L’alimentation et la sécurité sont intimement liées. C’est le point de vue de Stéphane Linou, pionnier du mouvement locavore de l’Aude et ancien élu local, qui a récemment publié Résilience alimentaire et sécurité nationale. Oser le sujet et le lier à celui de l’effondrement (The Book Edition, 2019). En cette période de crise sanitaire, pour Kaizen Magazine, il remet au goût du jour ce qu’il appelle le « plus vieux sujet du monde » : la sécurité alimentaire. Entretien.
Stéphane Linou – © Xavier Terrien – Voix du Midi Lauragais
Stéphane Linou, la crise sanitaire du Covid-19 met-elle en danger notre sécurité alimentaire ?

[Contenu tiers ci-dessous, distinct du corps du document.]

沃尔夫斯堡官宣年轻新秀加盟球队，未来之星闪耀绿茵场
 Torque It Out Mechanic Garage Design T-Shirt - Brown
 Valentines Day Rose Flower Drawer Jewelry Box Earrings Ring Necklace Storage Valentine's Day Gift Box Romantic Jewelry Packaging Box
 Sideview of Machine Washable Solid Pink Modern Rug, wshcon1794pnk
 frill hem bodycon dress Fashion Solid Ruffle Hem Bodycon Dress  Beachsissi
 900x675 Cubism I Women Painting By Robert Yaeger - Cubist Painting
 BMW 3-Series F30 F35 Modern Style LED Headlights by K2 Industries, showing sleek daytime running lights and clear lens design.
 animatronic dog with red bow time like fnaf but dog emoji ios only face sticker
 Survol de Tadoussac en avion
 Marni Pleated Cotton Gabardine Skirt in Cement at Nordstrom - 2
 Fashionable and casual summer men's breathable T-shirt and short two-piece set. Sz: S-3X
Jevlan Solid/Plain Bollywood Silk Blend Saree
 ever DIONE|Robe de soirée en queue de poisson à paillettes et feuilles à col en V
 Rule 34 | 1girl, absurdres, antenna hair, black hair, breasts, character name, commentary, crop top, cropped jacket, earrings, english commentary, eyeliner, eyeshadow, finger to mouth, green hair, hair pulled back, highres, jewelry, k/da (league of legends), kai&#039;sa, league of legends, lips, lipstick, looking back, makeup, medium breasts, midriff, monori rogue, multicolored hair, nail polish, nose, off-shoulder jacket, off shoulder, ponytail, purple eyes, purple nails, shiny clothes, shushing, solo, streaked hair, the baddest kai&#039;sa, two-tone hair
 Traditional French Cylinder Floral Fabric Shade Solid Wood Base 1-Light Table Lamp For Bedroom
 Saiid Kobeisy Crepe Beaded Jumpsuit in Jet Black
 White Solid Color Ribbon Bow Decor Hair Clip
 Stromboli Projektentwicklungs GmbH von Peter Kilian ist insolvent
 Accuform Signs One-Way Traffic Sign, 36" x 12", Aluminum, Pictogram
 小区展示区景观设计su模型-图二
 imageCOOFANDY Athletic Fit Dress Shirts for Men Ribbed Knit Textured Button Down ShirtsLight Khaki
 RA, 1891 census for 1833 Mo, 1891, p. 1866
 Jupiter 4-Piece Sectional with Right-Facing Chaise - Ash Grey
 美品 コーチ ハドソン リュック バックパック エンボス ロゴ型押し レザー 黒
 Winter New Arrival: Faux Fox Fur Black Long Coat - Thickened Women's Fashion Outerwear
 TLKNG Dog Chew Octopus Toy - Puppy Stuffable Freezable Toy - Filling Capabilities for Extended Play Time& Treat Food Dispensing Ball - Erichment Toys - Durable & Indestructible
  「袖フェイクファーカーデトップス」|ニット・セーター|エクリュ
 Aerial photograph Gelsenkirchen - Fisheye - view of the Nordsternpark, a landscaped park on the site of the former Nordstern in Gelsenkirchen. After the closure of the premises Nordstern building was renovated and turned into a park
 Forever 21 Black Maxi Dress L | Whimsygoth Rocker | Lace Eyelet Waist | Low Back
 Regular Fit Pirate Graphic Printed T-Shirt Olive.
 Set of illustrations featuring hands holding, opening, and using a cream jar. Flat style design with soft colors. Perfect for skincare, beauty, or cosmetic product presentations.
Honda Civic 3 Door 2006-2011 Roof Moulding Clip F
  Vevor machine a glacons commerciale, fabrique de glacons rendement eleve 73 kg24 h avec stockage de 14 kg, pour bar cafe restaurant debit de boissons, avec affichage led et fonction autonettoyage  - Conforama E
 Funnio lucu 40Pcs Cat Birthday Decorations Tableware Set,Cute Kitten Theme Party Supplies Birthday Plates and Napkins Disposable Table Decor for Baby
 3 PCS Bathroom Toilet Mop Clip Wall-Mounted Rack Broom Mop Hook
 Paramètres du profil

Ce qui est certain c’est qu’elle devrait être l’une de ces claques pédagogiques dont on a parfois besoin pour prendre conscience des choses. Lorsque j’ai monté les premières Associations pour le Maintien de l’Agriculture Paysanne de l’Aude, c’était aussi pour construire des périmètres de sécurité alimentaire. pour alerter sur le degré d’insécurité alimentaire de notre territoire [NDLR, Stéphane Linou s’est lancé le défi en 2008 de ne manger que des aliments produits à moins de 150 kilomètres pendant un an]. Le titre de mon expérience, c’était : « Permettre à un territoire et à sa population de se nourrir localement : une question d’ordre public ». C’était en 2008. Et je me basais justement sur le scénario d’une épidémie grippale de niveau 6, comme définie par l’Organisation Mondiale de la Santé, qui bloquait toute la chaîne d’approvisionnement alimentaire. Aujourd’hui, avec le confinement, elle n’est certes pas à l’arrêt mais elle est fortement ralentie. Donc que fait-on pour garantir notre autonomie et notre résilience alimentaires ?
Quel lien faites-vous entre la pérennité de notre système alimentaire national et d’autres sujets comme le climat, la biodiversité, la finance et l’action des pouvoirs publics et privés ?
Notre système alimentaire national est sous perfusion. Avec le pétrole que nous n’avons pas. Avec notre dépendance aux engrais et aux pesticides. Avec la main d’œuvre que l’on importe d’autres pays. Et enfin avec la mécanisation et les transports qui fonctionnent aux énergies fossiles. Ils sont comme des EHPAD à ciel ouvert : dépendants et non-autonomes. Ce qui pose problème aujourd’hui, c’est que nos territoires de production alimentaire ne sont plus les territoires de consommation.
Par ailleurs, il ne faut pas oublier le dérèglement climatique, qui fait notamment baisser les rendements de manière exponentielle, et la contraction énergétique à venir qui va causer une augmentation du prix des intrants. Il y a aussi la dégradation des sols et l’effondrement de la biodiversité qui fragilisent notamment nos productions alimentaires. Il faut traiter tous ces sujets en même temps. On pourrait faire d’une pierre quatre coups !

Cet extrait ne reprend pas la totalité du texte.